Oldest design museum
- Who
- Victoria & Albert Museum
- What
- First
- Where
- United Kingdom (Kensington)
- When
- 18 May 1852
The oldest museum dedicated to applied arts and design is the Victoria and Albert Museum (better known as the V&A), located in Kensington, London. The V&A was first opened as the "Museum of Ornamental Manufactures" on 18 May 1852, with a temporary exhibition that occupied ten rooms of Marlborough House, London. Initially, much of its collection comprised items that had been exhibited at the 1851 Great Exhibition.
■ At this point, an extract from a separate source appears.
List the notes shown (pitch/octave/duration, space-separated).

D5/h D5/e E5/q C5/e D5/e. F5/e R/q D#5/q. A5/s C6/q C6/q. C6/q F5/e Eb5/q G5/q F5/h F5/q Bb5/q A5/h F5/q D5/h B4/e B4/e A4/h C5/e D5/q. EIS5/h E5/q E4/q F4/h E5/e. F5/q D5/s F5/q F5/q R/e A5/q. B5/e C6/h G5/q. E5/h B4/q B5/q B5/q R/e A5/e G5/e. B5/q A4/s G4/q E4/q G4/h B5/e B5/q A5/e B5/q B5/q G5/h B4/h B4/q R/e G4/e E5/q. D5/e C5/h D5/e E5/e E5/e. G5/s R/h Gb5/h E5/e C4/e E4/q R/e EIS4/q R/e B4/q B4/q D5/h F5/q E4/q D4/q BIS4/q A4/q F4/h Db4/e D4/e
The museum was moved to Somerset House in September of 1852, and on 20 June 1857 the collection moved to its current site in "Albertopolis" – the neighbourhood of grand museums and public buildings established in the aftermath of the Great Exhibition. The museum's collection grew rapidly, as did visitor numbers, forcing the museum – by then known as the South Kensington Museum – to construct new buildings to create more space. This meant that, ironically, a museum dedicated to the decorative arts was housed in a series of famously ugly buildings: huge steel warehouse-like structures nicknamed the "Brompton Boilers". The Italianate buildings that house the museum today were completed in 1899 and opened by Queen Victoria herself in a ceremony that included the announcement of its current name.
The V&A was a pioneering institution in many ways. Its founding director envisioned the museum as a "schoolroom for everyone", where working Londoners could come and learn about good design. In service of this goal, the museum was fitted with gas lighting, allowing it to stay open late into the evenings so people with full-time jobs could visit. It also had the first museum café.